Data below START
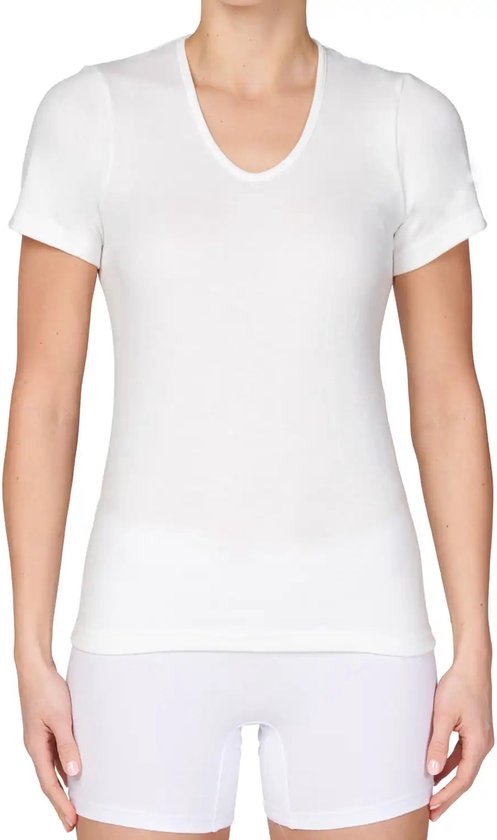 T-shirt Beeren Thermo blanc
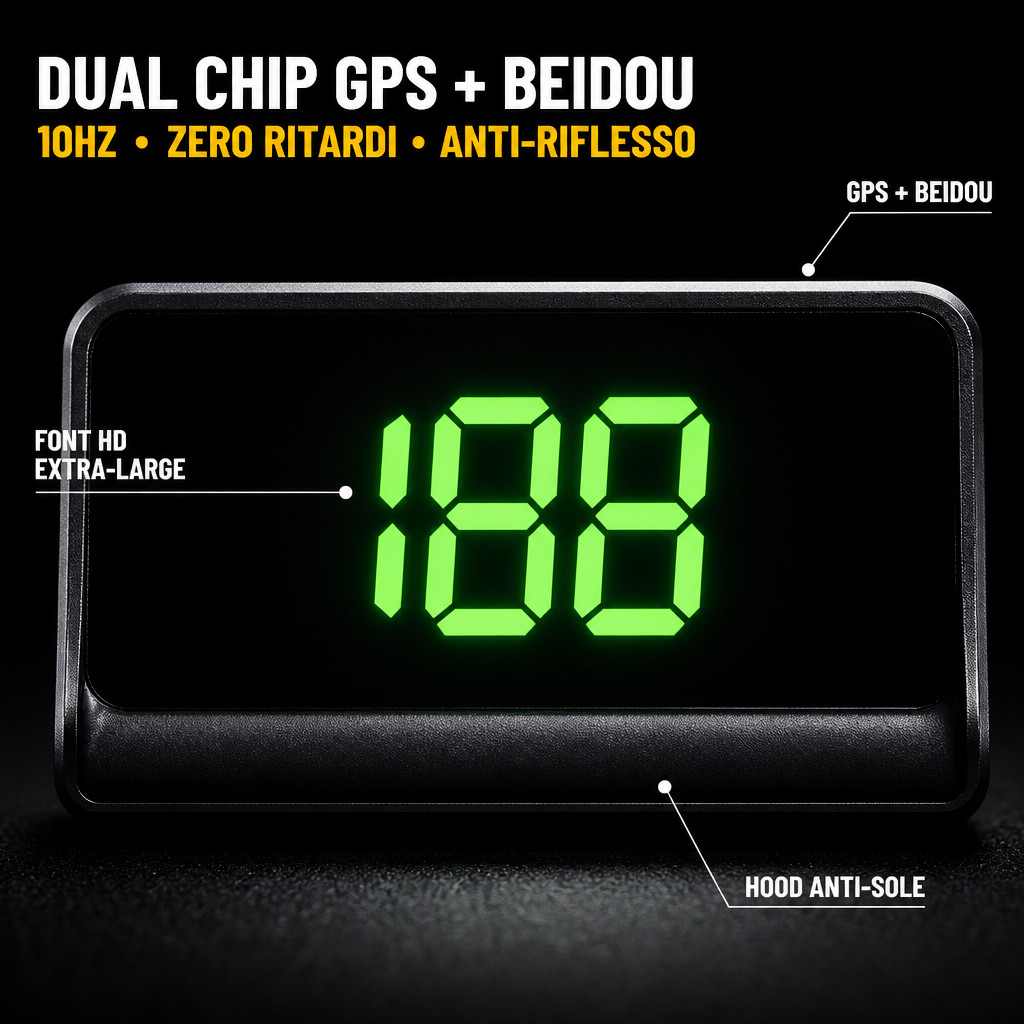 Tecnologia GPS dual-chip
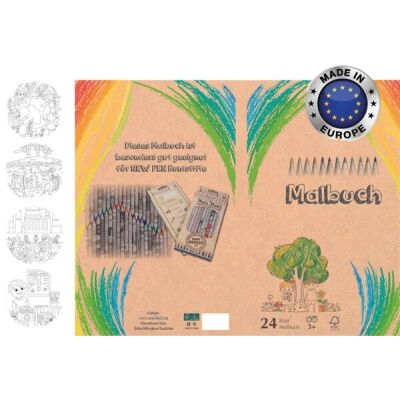 NewPen Malbuch "Eco Goloring Book" DIN A4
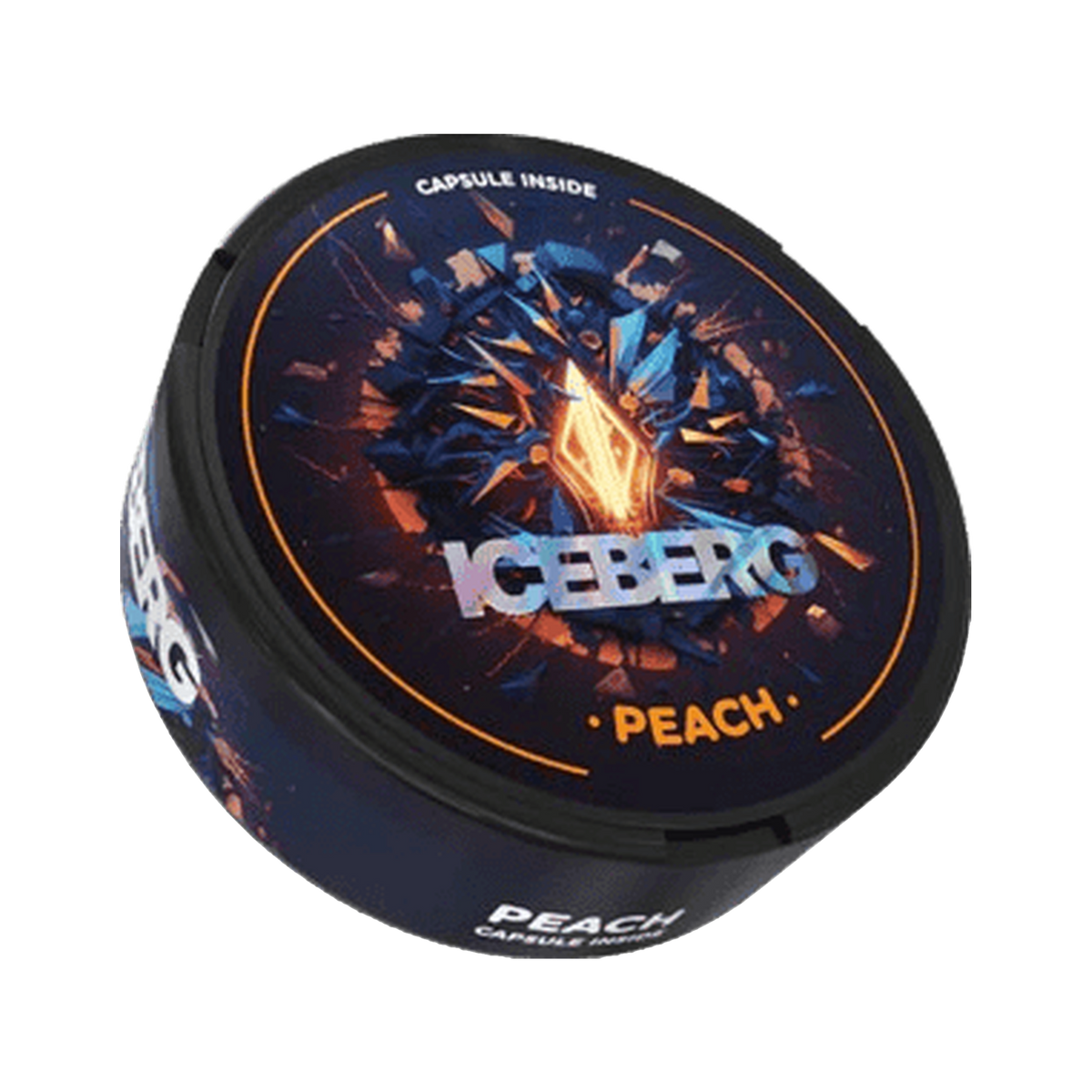 ICEBERG Capsule Peach (Outlet) | Bäst före: 15/08/2026 can, front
Data below END
Task goal | The listing above is to be retyped exactly, with all pictures left out.

Response to this task |
 T-shirt Beeren Thermo blanc
 Tecnologia GPS dual-chip
 NewPen Malbuch "Eco Goloring Book" DIN A4
 ICEBERG Capsule Peach (Outlet) | Bäst före: 15/08/2026 can, front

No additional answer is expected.